Let $m$ be a positive integer and let $E(m)$ be the $m$-dimensional Euclidean space with its standard metric. For any positive integer $n > m$, let $P(1),P(2),\ldots,P(n)$ be a finite set of points of $E(m)$ whose convex hull $H$ has a non-empty interior (with respect to $E(m)$). Let $p$ be any interior point of $H$. Does there always exist a positive real number $e$ such that the following statement is true?

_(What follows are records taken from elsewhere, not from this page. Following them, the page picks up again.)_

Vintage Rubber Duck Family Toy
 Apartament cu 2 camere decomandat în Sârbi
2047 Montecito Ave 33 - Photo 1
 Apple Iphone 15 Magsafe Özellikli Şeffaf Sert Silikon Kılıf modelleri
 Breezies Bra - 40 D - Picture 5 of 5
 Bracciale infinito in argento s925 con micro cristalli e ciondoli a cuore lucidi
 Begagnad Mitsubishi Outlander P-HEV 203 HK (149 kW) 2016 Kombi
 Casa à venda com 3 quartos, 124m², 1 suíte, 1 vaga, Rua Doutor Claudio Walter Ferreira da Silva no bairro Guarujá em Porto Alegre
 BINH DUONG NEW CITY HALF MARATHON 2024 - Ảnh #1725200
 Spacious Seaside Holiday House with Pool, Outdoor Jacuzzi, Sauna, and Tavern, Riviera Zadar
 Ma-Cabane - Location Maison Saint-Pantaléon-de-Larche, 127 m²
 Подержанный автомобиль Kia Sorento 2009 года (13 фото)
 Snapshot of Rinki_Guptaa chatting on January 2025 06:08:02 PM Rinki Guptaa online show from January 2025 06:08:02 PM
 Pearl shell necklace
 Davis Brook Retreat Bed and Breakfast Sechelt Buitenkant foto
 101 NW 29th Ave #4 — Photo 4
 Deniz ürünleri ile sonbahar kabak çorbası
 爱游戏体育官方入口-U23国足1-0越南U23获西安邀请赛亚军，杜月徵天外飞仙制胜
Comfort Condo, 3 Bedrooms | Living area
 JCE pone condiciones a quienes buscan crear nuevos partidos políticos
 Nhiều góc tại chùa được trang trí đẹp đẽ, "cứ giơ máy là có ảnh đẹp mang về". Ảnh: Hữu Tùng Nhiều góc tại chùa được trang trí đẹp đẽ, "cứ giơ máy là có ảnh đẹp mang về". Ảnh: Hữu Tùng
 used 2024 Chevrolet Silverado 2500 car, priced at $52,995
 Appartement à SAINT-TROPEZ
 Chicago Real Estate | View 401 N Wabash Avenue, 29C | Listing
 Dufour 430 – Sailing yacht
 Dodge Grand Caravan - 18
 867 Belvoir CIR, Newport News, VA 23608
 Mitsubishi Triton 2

If $Q(1),Q(2),\ldots,Q(n)$ is any finite set of points of $E(m)$ for which the Euclidean distance between $P(i)$ and $Q(i)$ with $i \in \{ 1,2,\ldots,n \}$ is never greater than $e$, then the point $p$ belongs to the convex hull of $Q(1),Q(2),\dots,Q(n)$.
If such a number as $e$ always exists, then it would, of course, have to depend on $H$ and $p$.
Yes, this is true.
Since the convex hull of the $P(i)$ is of non-empty interior, I can choose $m+1$ points among the $P(i)$ that form an affine basis of $E(m)$. Up to reindexation, I assume that these points are $P(1),\dots,P(m+1)$ and I show that if $Q(1),\dots,Q(m+1)$ are close to $P(1),\dots,P(m+1)$ then $p$ is still in the convex hull of the $Q(i)$. (I don't need the other points).
I claim that if the $Q(i)$ are close to the $P(i)$, then the $Q(i)$ give an affine basis of $E(m)$. Indeed, this is the affine analogue of the well-known linear fact that if $n$ vectors are close to a basis of a $n$-dimensional vector space, then they still give a basis (use a determinant).
Hence, I can write the $P(j)$ as barycenters in the $Q(i)$. Since $p$ is a barycenter in the $P(j)$, I can write it as a barycenter in the $P(i)$ by associativity of barycenters. The only thing to check is that this barycenter has weights in $(0,1)$ if the $Q(i)$ are sufficiently close of the $P(i)$.
Say that $P(j)$ is a barycenter of the $Q(i)$ with weights $\omega_{ij}(Q_i)$. Then, you can show that $\omega_{ij}(Q_i)$ depends continuously on $Q_i$ (this is essentially solving a linear system). Now, $p$ is a barycenter of the $Q(i)$ (for $Q(i)$ close to $P(i))$ with weights $\nu_i(Q_i)$ and $\nu_i(Q_i)$ depends also continuously on the $Q_i$ (it is given by an explicit formula involving the $\omega_{ij}$ and the weights of $p$ relative to the $P_j$). Since for $Q_i = P_i$, $\nu_i(P_i)$ is in $(0,1)$, this concludes the proof.